By Victor Njoku
Brent crude has fallen to approximately $77 to $78 per barrel in the wake of a ceasefire agreement between the United States and Iran, and Nigeria’s petroleum retailers are pressing refiners, depot owners, and fuel importers to ensure ordinary consumers share in the windfall.
The Petroleum Products Retail Outlets Owners Association of Nigeria PETROAN at the weekend called for an immediate reduction in both ex-depot and retail pump prices, arguing that the current decline in global crude markets left no justification for maintaining elevated prices at the filling station.
“Market realities should be reflected in both ex-depot and retail pump prices to ensure fairness and economic relief for the public,” said Billy Gillis-Harry, PETROAN’s National President, in a statement issued in Abuja.

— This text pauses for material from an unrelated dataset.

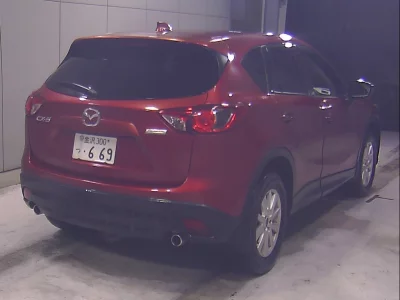 MAZDA CX-5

Gillis-Harry pointed to three converging factors behind the price softening: the ongoing implementation of the U.S.-Iran peace agreement, rising crude exports from the Middle East as the Strait of Hormuz gradually returns to normal operations, and growing concerns over weakening global oil demand. Together, he said, these dynamics pointed to a relatively stable to bearish market outlook in the near term.
Market analysts project Brent crude could trade between $75 and $82 per barrel in the coming week, while West Texas Intermediate WTI is expected to range from $72 to $79 per barrel, figures that PETROAN says should feed directly into lower costs along Nigeria’s downstream supply chain.

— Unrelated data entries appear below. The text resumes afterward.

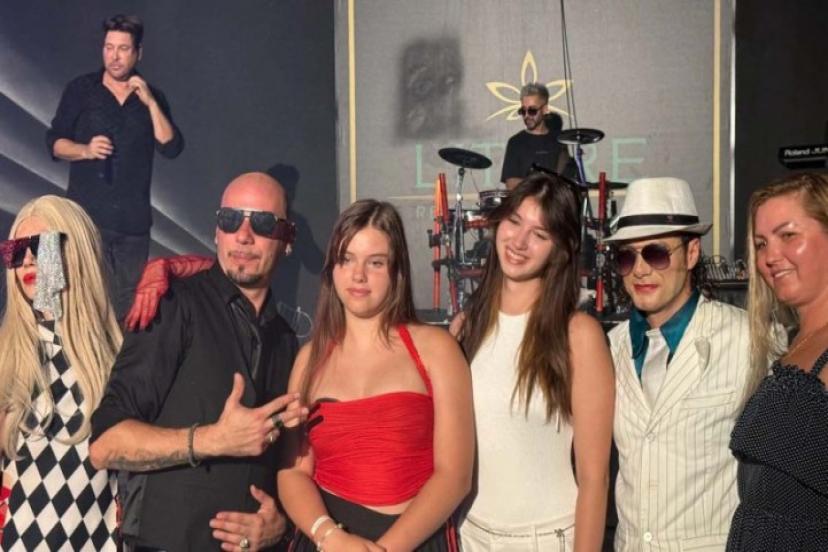 ANTALYA’DA YAZ BİTER, EĞLENCE BİTMEZ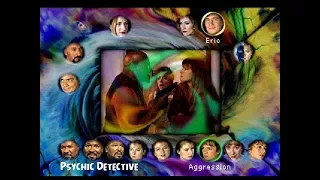 Psychic Detective PS1 Playthrough - Trippy Full Motion Video Awesomeness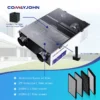 Ventilation System Exhaust Fan, COMAYJOHN, MC-JD-ZLGN - view 2
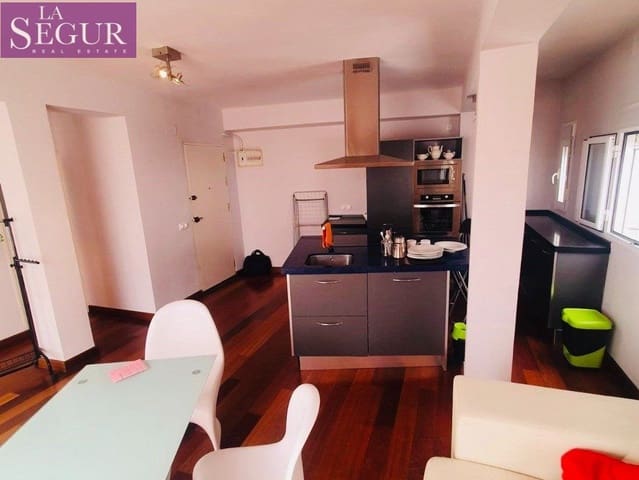 1 soveværelse Lejlighed til salg i Vejer de la Frontera - € 213.000 (Ref: 7200215)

The PETROAN president was careful, however, to flag the risks that could unravel the current trend. A breakdown in peace negotiations, fresh supply disruptions, or unexpected production cuts by OPEC and its allies, he warned, could swiftly reverse the gains and push prices upward again.
Gillis-Harry also turned his attention to a jarring anomaly within the domestic market itself: in some instances, he said, the landing cost of imported petroleum products was proving lower than the prices being offered by Nigerian refiners, a situation he described as both surprising and unacceptable.
The revelation, he argued, underscored the urgent need for a more genuinely competitive downstream sector, and he called on the Nigerian Midstream and Downstream Petroleum Regulatory Authority NMDPRA to continue issuing import licences to qualified marketers without restriction.
“Competition remains one of the most effective mechanisms for driving efficiency, reducing costs, and protecting consumers,” Gillis-Harry said, maintaining that opening the market to more suppliers would naturally pressure all participants, domestic refiners included, to align their prices with prevailing market realities, discourage monopolistic tendencies, and guarantee Nigerians a steady and affordable supply of petroleum products.